Par contraste, les subventions de l’État sont susceptibles d’ignorer la complexité des multiples réalités présentes sur le terrain et en constante évolution.

En terminant, l’écofiscalité ne représente pas nécessairement un désavantage concurrentiel pour nos entreprises. Réduire leur taux d’impôt corporatif permettrait de maintenir leur compétitivité face aux concurrents étrangers tout en préservant, à bien meilleur coût, les avantages de l’écofiscalité mentionnés ci-dessus. Par ailleurs, en plus de nous exposer à des risques de conflits commerciaux, toute subvention est inévitablement financée par des hausses d’impôts nuisant à la compétitivité et notre capacité à attirer capitaux et travailleurs qualifiés.

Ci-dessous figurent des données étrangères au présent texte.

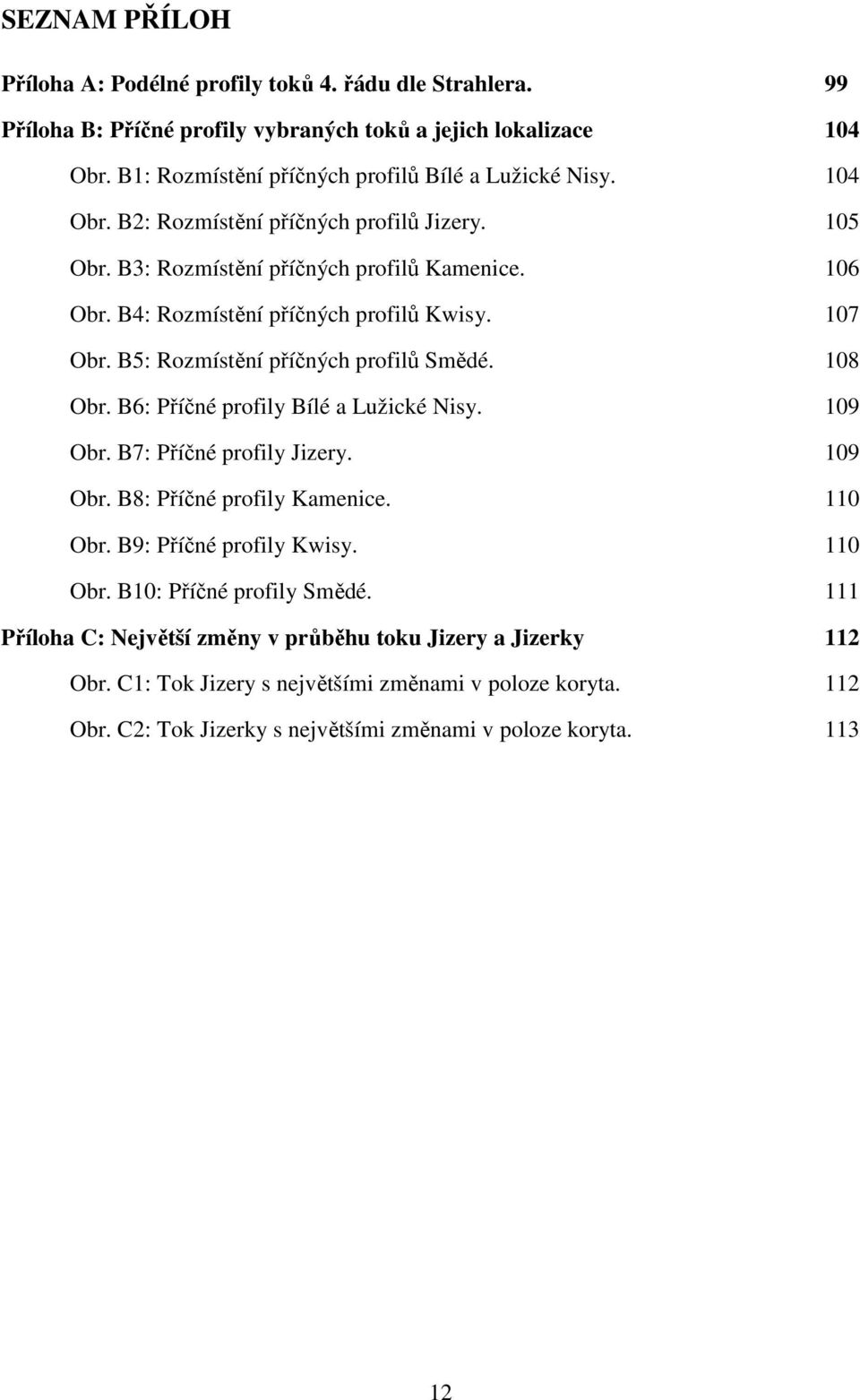 108 Obr. B6: Příčné profily Bílé a Lužické Nisy. 109 Obr. B7: Příčné profily Jizery. 109 Obr. B8: Příčné profily Kamenice. 110 Obr. B9: Příčné profily Kwisy. 110 Obr. B10: Příčné profily Smědé.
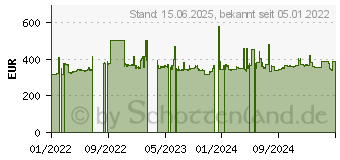 Preistrend fr Allied Telesis Gigabit Websmart Switch 8XTPOE+ - Switch (AT-GS950/10PS V2-50)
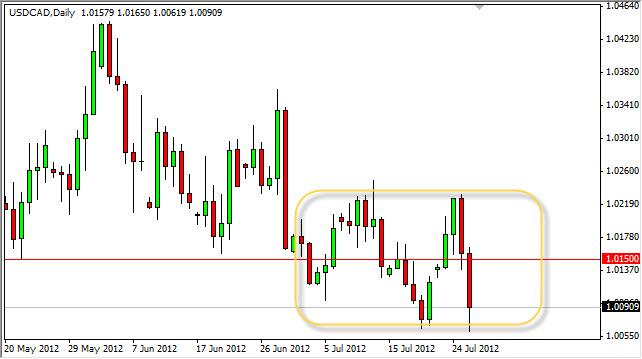 USD/CAD Forecast July 27, 2012, Technical Analysis USD/CAD Forecast July 27, 2012, Technical Analysis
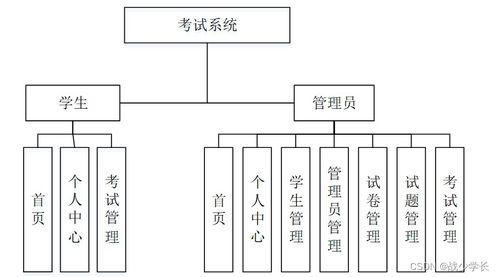 sprintboot计算机毕业设计基于vue mysql开发的考试系统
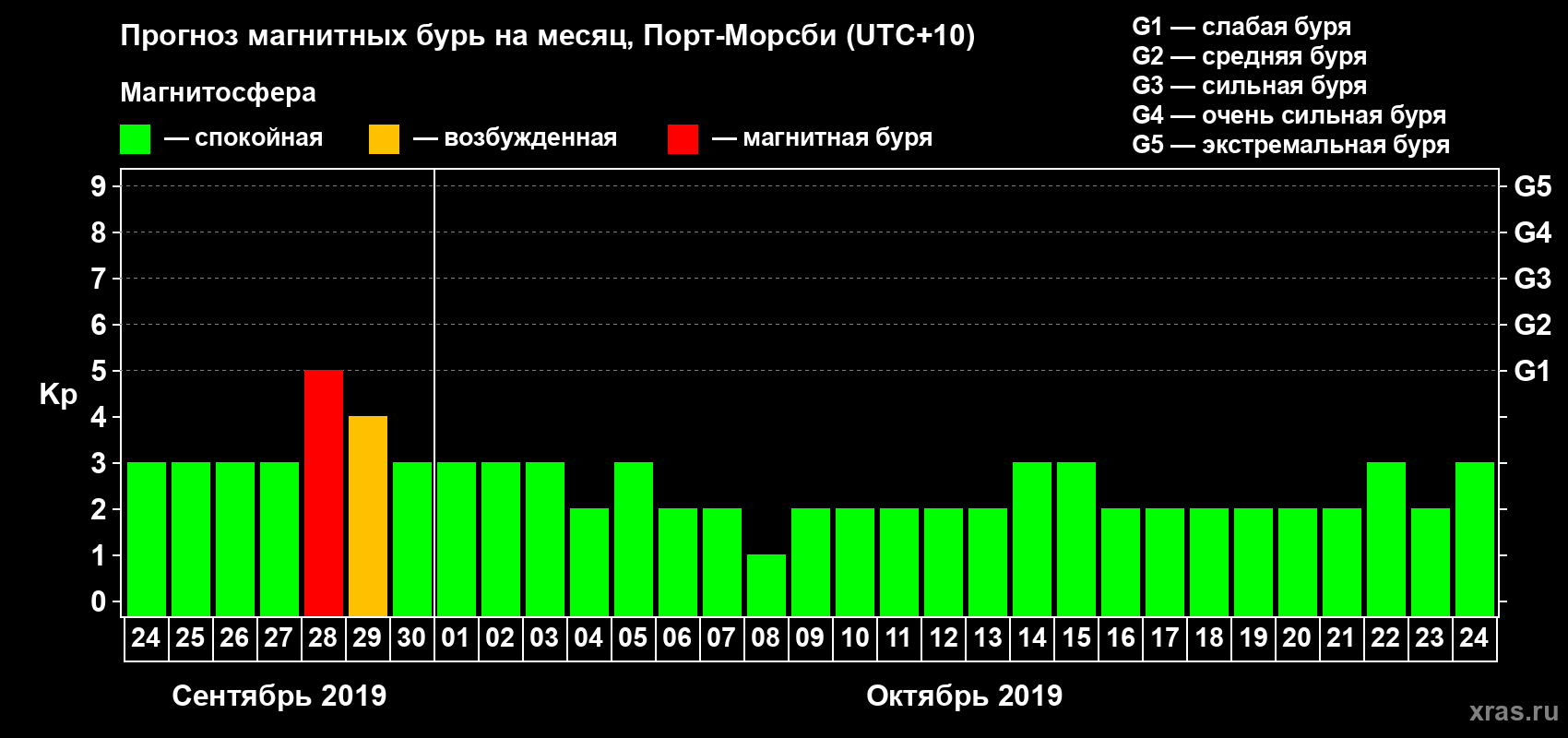 Прогноз максимального суточного геомагнитного индекса Kp на <b>1 месяц</b> (31 день) <b>с 24 сентября по 24 октября 2019 г</b>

Cette approche de libre marché ne veut pas dire que le gouvernement n’a aucun rôle à jouer. Au contraire, la conception d’une écofiscalité efficace lui revient et est essentielle pour réduire les GES dans les délais souhaités tout en préservant la compétitivité de nos entreprises.

Nous verrons bientôt comment le Plan vert du gouvernement du Québec pourrait tabler davantage sur ce mécanisme pour atteindre ses objectifs.

*Michel Poitevin est également chercheur au Centre interuniversitaire de recherche en analyse des organisations (CIRANO) et au Centre interuniversitaire de recherche en économie quantitative (CIREQ) ; Luc Vallée est aussi ex-stratège en chef de Valeurs Mobilières Banque Laurentienne.